Guedes insiste em desonerar a folha salarial dos empresários, e isso destruirá o INSS

A nova maracutaia de Paulo Guedes - Outras Palavras

Enquanto não destruir o que resta do INSS, Guedes não sossega

Guilherme Mazui
G1 — Brasília

O ministro da Economia, Paulo Guedes, afirmou nesta quarta-feira (23) que o país tem que desonerar a folha de pagamento das empresas e, para isso, precisa buscar “tributos alternativos”. Guedes e o líder do governo na Câmara, deputado Ricardo Barros (PP-PR), concederam entrevista após uma reunião das alas política e econômica do governo com o presidente Jair Bolsonaro para discutir a reforma tributária e um programa de transferência de renda.

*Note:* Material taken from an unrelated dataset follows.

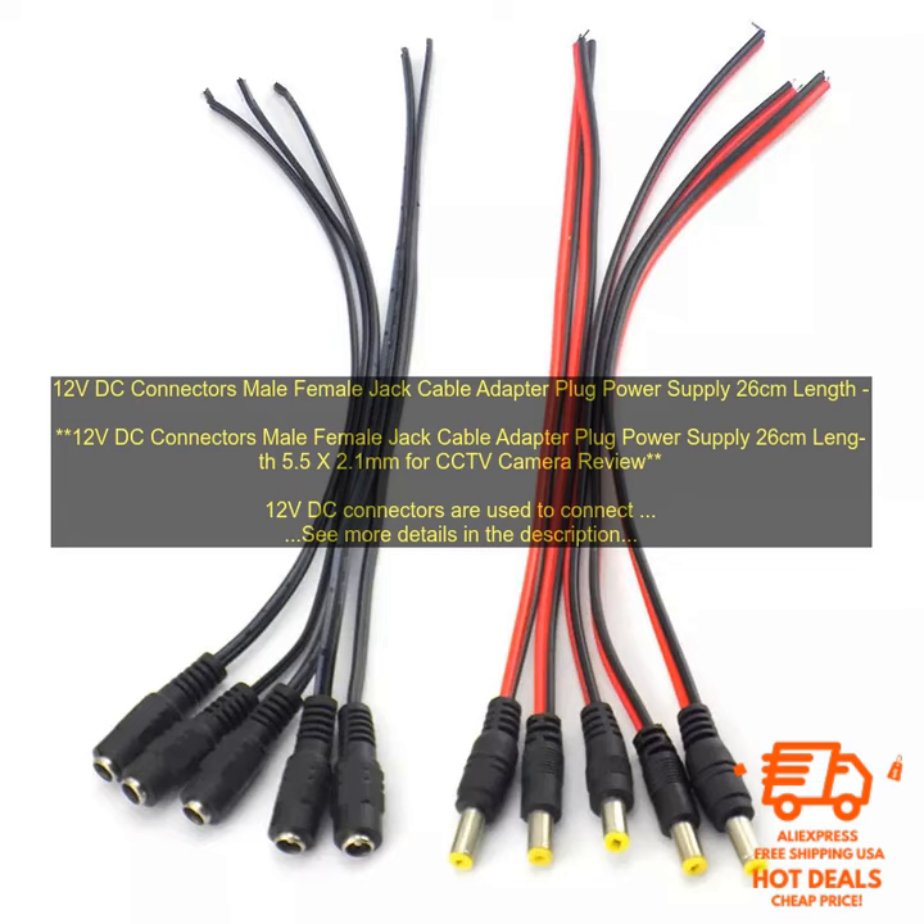Applications for 12V DC connectors include: CCTV cameras, security lights, car audio systems, power tools, LED lights, and more.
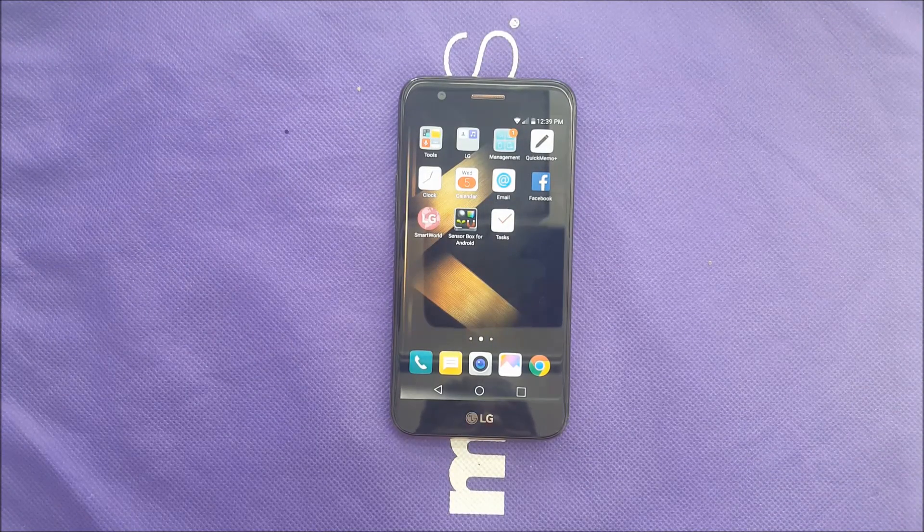If you just purchased the LG K20 Plus from Metro PCS or T-Mobile and you are wondering how you can take a screenshot, this video is made for you. This is Variety Stick, and let's find out.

“Descobrimos 38 milhões de brasileiros, que eram os invisíveis. Temos que ajudar essa turma a ser reincorporada ao mercado de trabalho. Então, temos que desonerar a folha. Por isso que a gente precisa de tributos alternativos para desonerar a folha e ajudar a criar empregos”, disse o ministro.

TETO DE GASTOS – Barros afirmou que o governo mantém a defesa do teto de gastos e da responsabilidade fiscal. Segundo ele, os “tributos alternativos” não gerarão um aumento da carga tributária, mas sim um rearranjo no sistema de impostos.

“Reafirmamos nosso compromisso com o teto de gastos e o rigor fiscal. Nenhuma proposta que será encaminhada vai tratar dessa questão. Estamos buscando dentro do orçamento recursos para poder avançar nos programas e, se houver a necessidade, faremos uma substituição de tributação”, disse Barros.

“Esses pressupostos precisam ficar claros: não tem aumento de carga tributária, tem compromisso com teto de gastos e com rigor fiscal”, completou o líder do governo.

AUXÍLIO EMERGENCIAL – Guedes comentou também que o governo estuda fazer uma “aterrissagem suave” quando chegar ao fim o pagamento das parcelas do auxílio emergencial, previstas até o fim do ano.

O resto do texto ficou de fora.